▸ **Task brief**: Among the entries below, take the line with "Free eBay &" and the line with "FANCIME Birthstone Ring", and output them and every line between them exactly, with nothing else.

▸ **Data entries**:
'''
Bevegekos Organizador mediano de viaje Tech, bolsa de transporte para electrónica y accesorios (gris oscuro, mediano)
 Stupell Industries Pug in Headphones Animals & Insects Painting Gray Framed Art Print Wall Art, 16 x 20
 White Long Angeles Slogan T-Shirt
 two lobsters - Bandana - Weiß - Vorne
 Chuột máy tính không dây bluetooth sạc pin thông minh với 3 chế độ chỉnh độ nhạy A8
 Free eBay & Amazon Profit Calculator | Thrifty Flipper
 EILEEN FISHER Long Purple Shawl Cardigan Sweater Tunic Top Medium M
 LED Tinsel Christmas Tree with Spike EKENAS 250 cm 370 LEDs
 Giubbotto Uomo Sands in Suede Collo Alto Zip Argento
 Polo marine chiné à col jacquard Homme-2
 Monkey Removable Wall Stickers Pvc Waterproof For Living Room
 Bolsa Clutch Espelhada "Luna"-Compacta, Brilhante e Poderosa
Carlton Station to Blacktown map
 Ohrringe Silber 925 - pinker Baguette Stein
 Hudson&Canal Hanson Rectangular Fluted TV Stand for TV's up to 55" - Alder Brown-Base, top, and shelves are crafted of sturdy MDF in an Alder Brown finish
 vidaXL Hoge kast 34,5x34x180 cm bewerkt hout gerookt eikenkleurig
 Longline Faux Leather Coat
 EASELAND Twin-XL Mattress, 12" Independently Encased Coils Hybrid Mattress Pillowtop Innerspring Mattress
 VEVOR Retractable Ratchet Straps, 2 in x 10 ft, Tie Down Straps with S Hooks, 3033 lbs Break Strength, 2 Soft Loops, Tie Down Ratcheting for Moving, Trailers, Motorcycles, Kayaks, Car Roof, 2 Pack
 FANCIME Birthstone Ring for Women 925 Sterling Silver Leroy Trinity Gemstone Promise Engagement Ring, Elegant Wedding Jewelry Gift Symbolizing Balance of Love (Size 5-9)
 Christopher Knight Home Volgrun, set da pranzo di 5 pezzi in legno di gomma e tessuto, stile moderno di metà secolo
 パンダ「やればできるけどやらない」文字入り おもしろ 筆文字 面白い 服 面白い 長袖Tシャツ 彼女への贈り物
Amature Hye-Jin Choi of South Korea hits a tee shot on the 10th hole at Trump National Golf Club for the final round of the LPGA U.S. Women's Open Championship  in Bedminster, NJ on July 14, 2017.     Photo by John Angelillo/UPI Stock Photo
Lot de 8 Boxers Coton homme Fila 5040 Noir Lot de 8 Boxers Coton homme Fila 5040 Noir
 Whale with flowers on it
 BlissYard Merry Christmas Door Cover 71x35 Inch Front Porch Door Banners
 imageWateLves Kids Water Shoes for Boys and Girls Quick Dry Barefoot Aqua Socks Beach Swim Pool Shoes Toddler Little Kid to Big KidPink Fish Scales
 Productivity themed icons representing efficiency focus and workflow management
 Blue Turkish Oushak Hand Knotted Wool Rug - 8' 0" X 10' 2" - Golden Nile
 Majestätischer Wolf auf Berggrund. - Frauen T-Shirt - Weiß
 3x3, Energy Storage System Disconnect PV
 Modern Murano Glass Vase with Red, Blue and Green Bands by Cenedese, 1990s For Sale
'''
▸ **Solution to this problem**:
 Free eBay & Amazon Profit Calculator | Thrifty Flipper
 EILEEN FISHER Long Purple Shawl Cardigan Sweater Tunic Top Medium M
 LED Tinsel Christmas Tree with Spike EKENAS 250 cm 370 LEDs
 Giubbotto Uomo Sands in Suede Collo Alto Zip Argento
 Polo marine chiné à col jacquard Homme-2
 Monkey Removable Wall Stickers Pvc Waterproof For Living Room
 Bolsa Clutch Espelhada "Luna"-Compacta, Brilhante e Poderosa
Carlton Station to Blacktown map
 Ohrringe Silber 925 - pinker Baguette Stein
 Hudson&Canal Hanson Rectangular Fluted TV Stand for TV's up to 55" - Alder Brown-Base, top, and shelves are crafted of sturdy MDF in an Alder Brown finish
 vidaXL Hoge kast 34,5x34x180 cm bewerkt hout gerookt eikenkleurig
 Longline Faux Leather Coat
 EASELAND Twin-XL Mattress, 12" Independently Encased Coils Hybrid Mattress Pillowtop Innerspring Mattress
 VEVOR Retractable Ratchet Straps, 2 in x 10 ft, Tie Down Straps with S Hooks, 3033 lbs Break Strength, 2 Soft Loops, Tie Down Ratcheting for Moving, Trailers, Motorcycles, Kayaks, Car Roof, 2 Pack
 FANCIME Birthstone Ring for Women 925 Sterling Silver Leroy Trinity Gemstone Promise Engagement Ring, Elegant Wedding Jewelry Gift Symbolizing Balance of Love (Size 5-9)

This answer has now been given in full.